Blog

After Dad Dies, 12-Year-Old Fills in Father’s Role for His Three Younger Brothers

Posted on April 10, 2017 by Alice Kenny  |  Share

This is the story of a little boy forced to fill shoes way too big for him

It’s hard to pinpoint when the childhood ended for Jossue, now 12 years old.  Maybe it was when he was 10 years old and his dad died.  Or maybe before that; when he was 8 and this dad he loved so much kept falling down drunk and getting rushed to the hospital for complications caused by cirrhosis of the liver. 

Whatever the date, the reality is Jossue stepped in as man of the house for nearly as long as he can remember, comforting his mother and helping raise his three younger brothers. 

This has been a big deal for a little boy.  So big that Jossue had a psychotic break, psychologists say, and began hearing voices after his dad’s death.  The voices finally stopped three months ago thanks to intense intervention from staff at Catholic Charities affiliate St. Ignatius school and deep love from his mother and three little brothers.

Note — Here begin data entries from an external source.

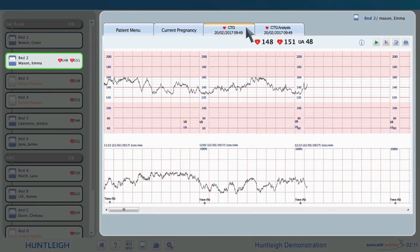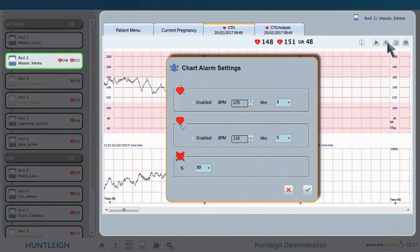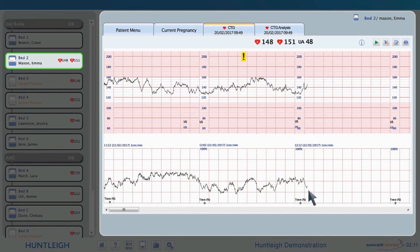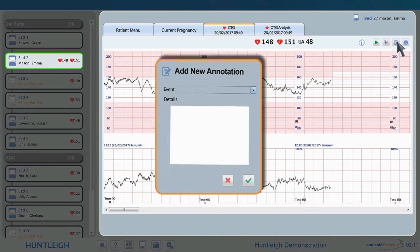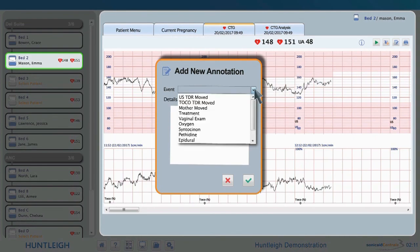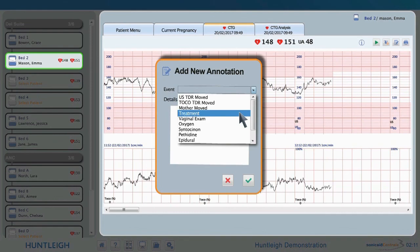By clicking on the CTG tab, we are back to the trace. By selecting the bell symbol, we can set the high, low, and loss of contact alerts. We can see when the alert levels were changed and to what value. This can also be seen in the patient notes if this information has been enabled for the user. To annotate the trace, click on the note icon and move the cursor to the required position. Use the drop-down list or type free text in the event box. Further information can be typed into the details box.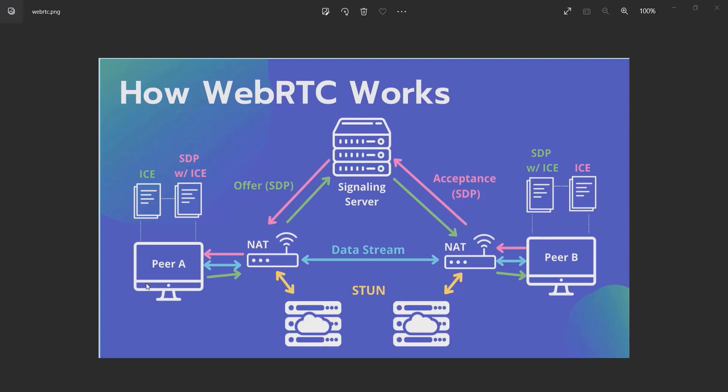Peer A knows about its local IP address, which is the router IP. So it requests from the router to a STUN server, and the STUN server gives back the real IP address.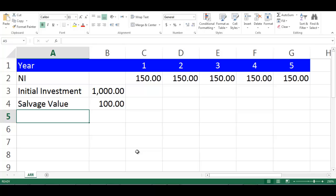Let's assume we have a project lifetime of 5 years, and the net income of each year. In addition, we have initial investment and salvage value.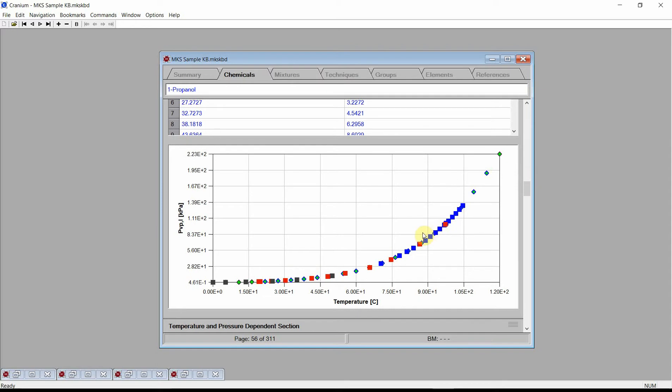One of Cranium's and Synapse's key capabilities is to quickly and easily estimate the physical properties of new chemicals, chemicals that are not in any database. For example, we will add a new entry for Trans 1-Chloro-3,3,3-Trifluoropropene. This chemical is a new liquid blowing agent. We add a new chemical by first pressing the large plus button on the toolbar.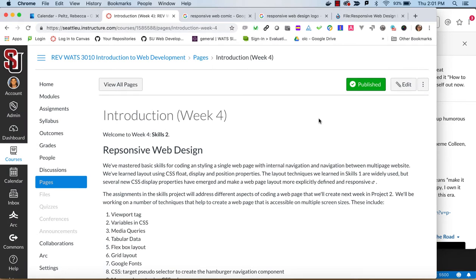Welcome to WATCH 3010, Introduction to Web Development. This course is part of the Certificate in Web Technology and Application Studies at Seattle University. I'm Becky Peltz. I'm going to walk you through the Skills 2 assignment.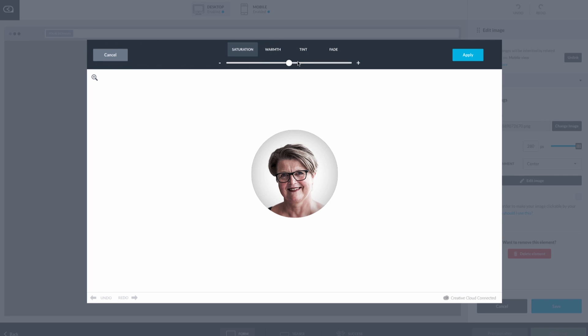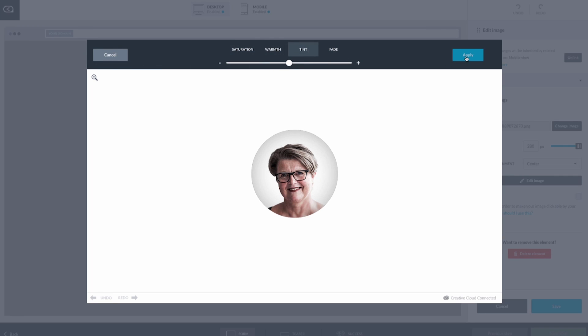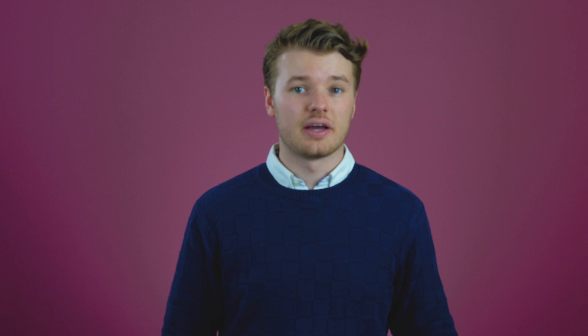If you want to get a little more nerdy with the image, you can also change the colors. When you've edited the image for your purpose, hit Apply and then Save.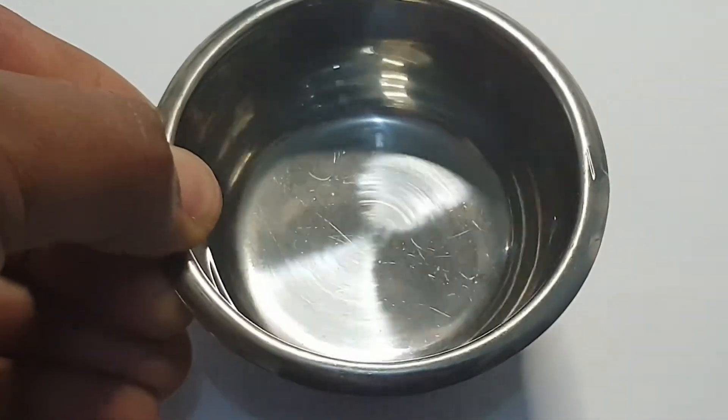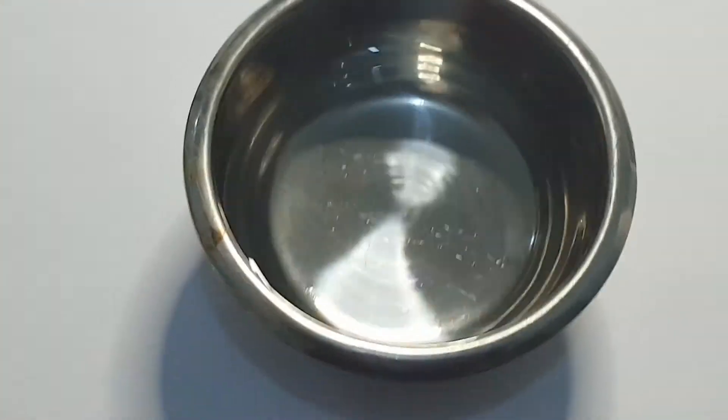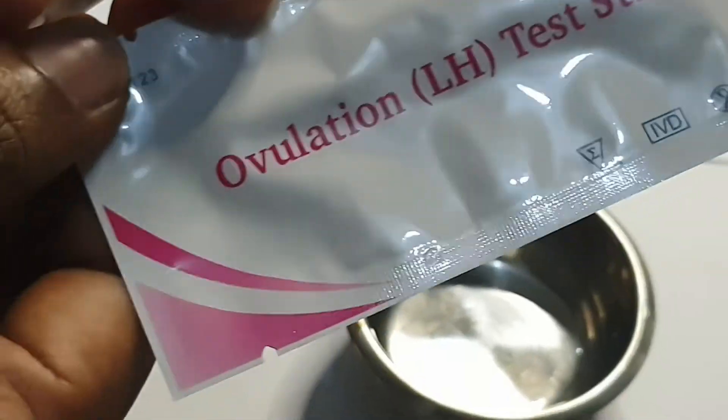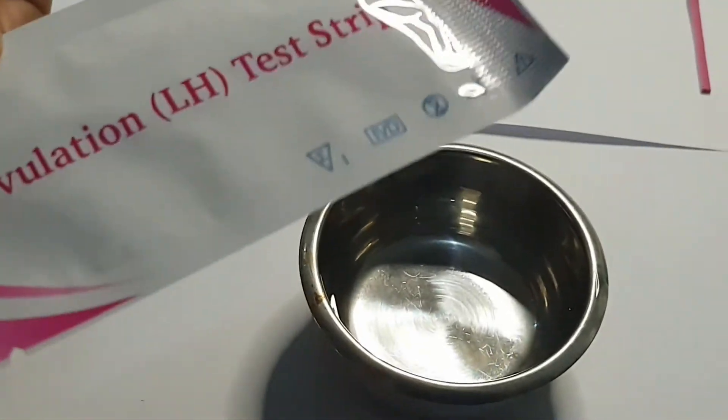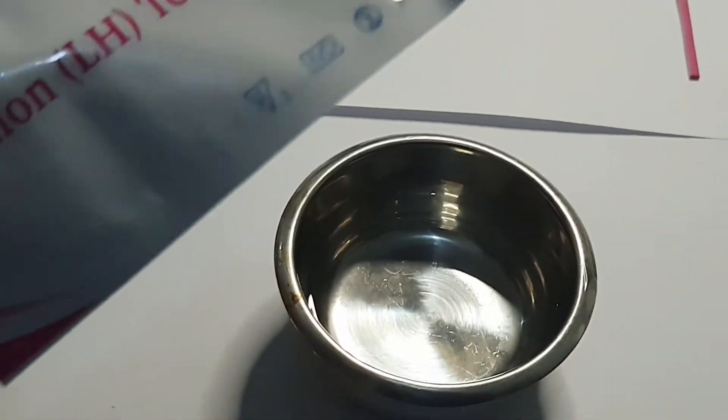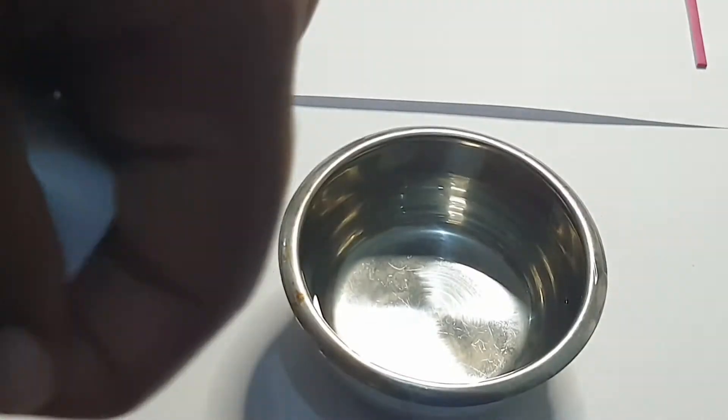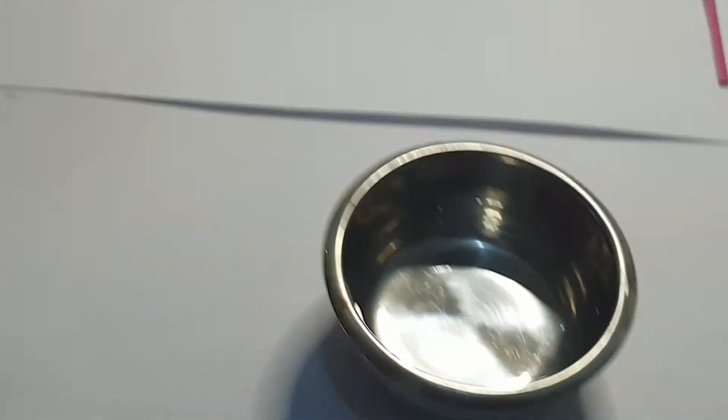First, you collect your urine in a little cup just like this. Next, you open the ovulation LH test strips gently like this from the edge.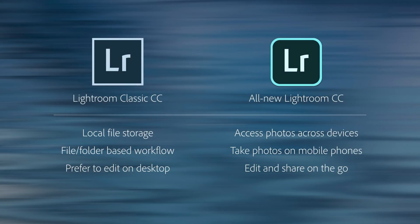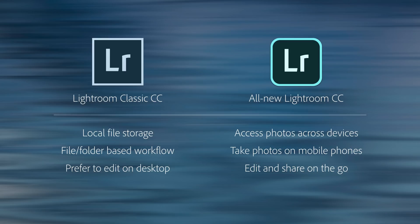Regardless of which application you choose, the Lightroom apps download, install, and run on your desktop. In general, we have found that Lightroom Classic, our desktop-centric photography workflow, is well-suited for customers who want to store their files locally, use a file or folder-based workflow, and like to edit on their desktop. Lightroom CC, our cloud-centric photography workflow, is well-suited for photographers who want to access their full-resolution photos across multiple devices, often take photos on their mobile phones, and like to edit and share on the go.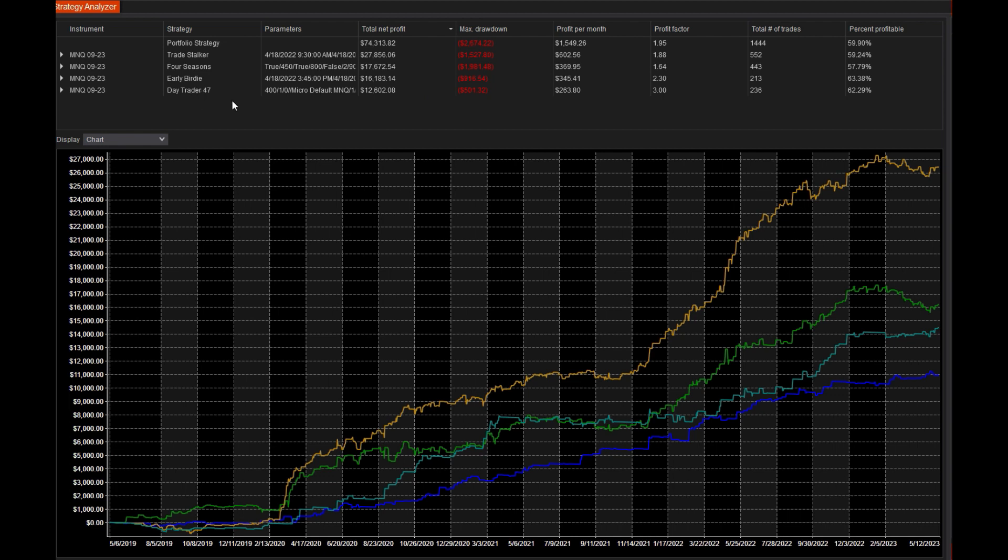For example, DayTrader47, which is this blue one down here, probably the best performance curve, is actually the lowest profit and we also have the lowest drawdown here.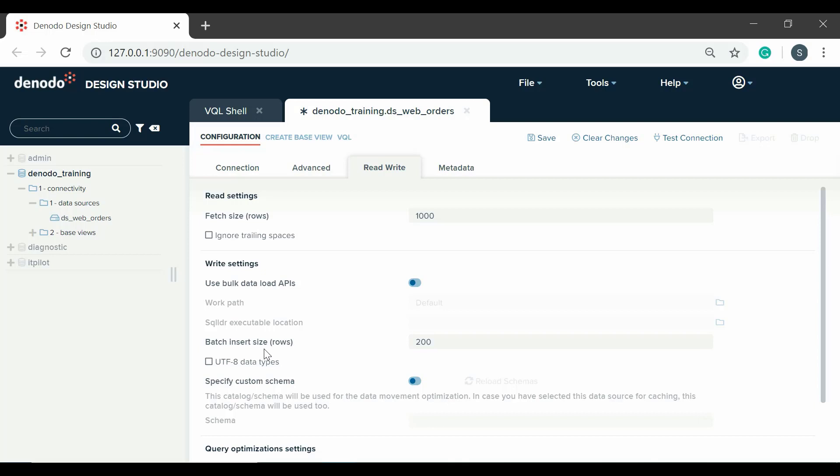Batch insert size indicates the number of inserts to be executed at one time. This avoids hitting the database for each insert statement of a data movement process. The UTF-8 data types field indicates if the server should use data types with UTF-8 encoding when creating a new data movement table.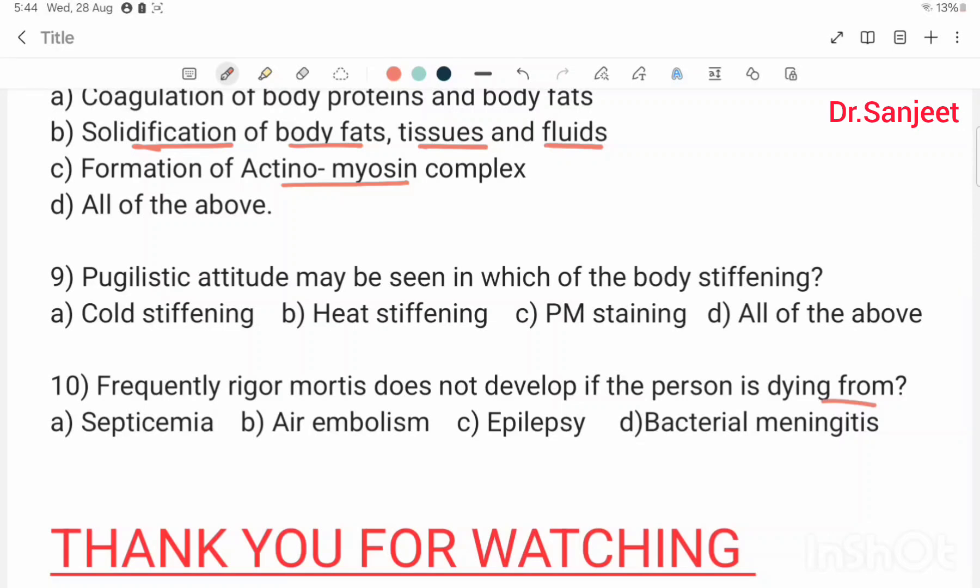This is all about rigor mortis, a very important topic. Thank you for watching.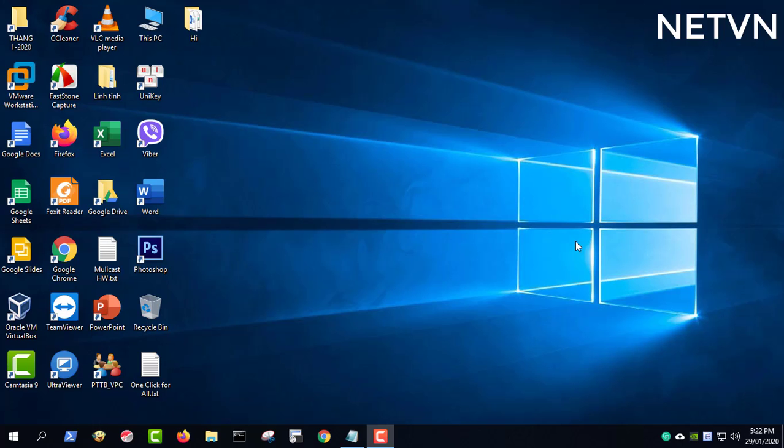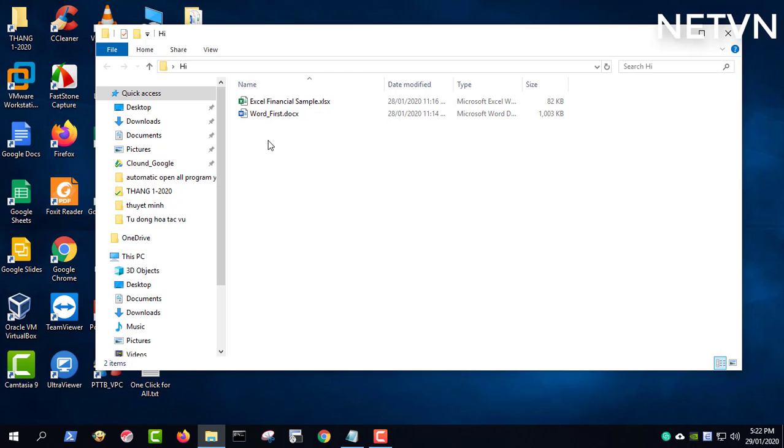In this video, I show you that you only need to use one click to open multiple programs or open multiple work files at the same time.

“I missed my dad a lot and started seeing things,” says Jossue, now age 12.  “I was hearing things, people calling my name but people weren’t actually there.”

Life didn’t start off so hard.  Jossue remembers younger years in a happy home.  His dad worked fulltime as a liquor store deliveryman; his mother worked as a part-time home attendant.  They earned enough to afford a decent apartment in tough but affordable Hunts Point in the Bronx.

Most important, Jossue’s parents were loving; his dad never hit anyone in the family even after alcohol took hold of him, Jossue and his mother say.  There was enough money for rent and food.  Perhaps best of all, Jossue’s little brothers were his playmates, not his responsibility. His mom was his mom, not someone whose tears he had to dry.

Now, however, “I have to help everyone and take care of the whole family,” he says.  “My brothers have homework and they need help and my mom needs help with math because she’s studying for her GED.  It makes me feel important but sometimes it feels like too much.”

His mom, Aurelia, 42, had to give up her small home attendant income to take her children to frequent psychologist appointments and pull them out of the darkness.  She took on house cleaning since it offers flexible hours that allow her to work around her children’s medical appointments. But the pay, combined with the limited demand in their impoverished neighborhood, left the family with expenses far greater than her small income. As a result, after Jossue’s dad died the family fell $5000 behind on their rent and faced eviction.

Fortunately, in July 2015, six months after Jossue’s dad died, his mom found and enrolled Jossue in St. Ignatius School, an oasis in Hunts Point, the poorest congressional district in the U.S. It is part middle school, part social service provider and part miracle worker.  A stunning 100-percent of its students go on to graduate from high school -- compared to 32.9-percent of students who attend Hunts Point school district schools. Better still, 90-percent of its students go on to college – nearly three times the college attendance rate of their peers.

At St. Ignatius, Jossue receives education, counseling and an introduction to the world outside his sad home.  Similar to his fellow students, he spends summers at St. Ignatius’ summer camp in Lake Placid. Then, weekdays during the school year, he arrives early in his blue uniform stays for homework help and supervision until 5:30 every weekday night. Because he is in financial need, all of his expenses are covered.

He loves the friends he made here as well as his teachers, Jossue says, and has begun to dream again.  A talented artist, he sketches scenes for video games he hopes to invent some day.  But he has no computer to practice graphic art or to use for homework.  So Catholic Charities drew on $370 in New York Times Neediest Cases funds to purchase a laptop computer.

Moreover, staff from Catholic Charities eviction prevention services got the family’s rental arrears paid off.  Then they negotiated a Family Eviction Prevention Subsidy to slash their rent from $1200/month to an affordable $200.

Taking help, however, does not sit well for this once-independent family. 

So Jossue tutors him mom in English and for her upcoming GED exam to give this young widow the skills she needs to land a job that can support her family.

“Even though I’m just a kid I keep helping my mom any way I can so she can get a good job instead of the one she has,” Jossue says.  “We’re a strong family and even though my dad’s not here we keep going on.”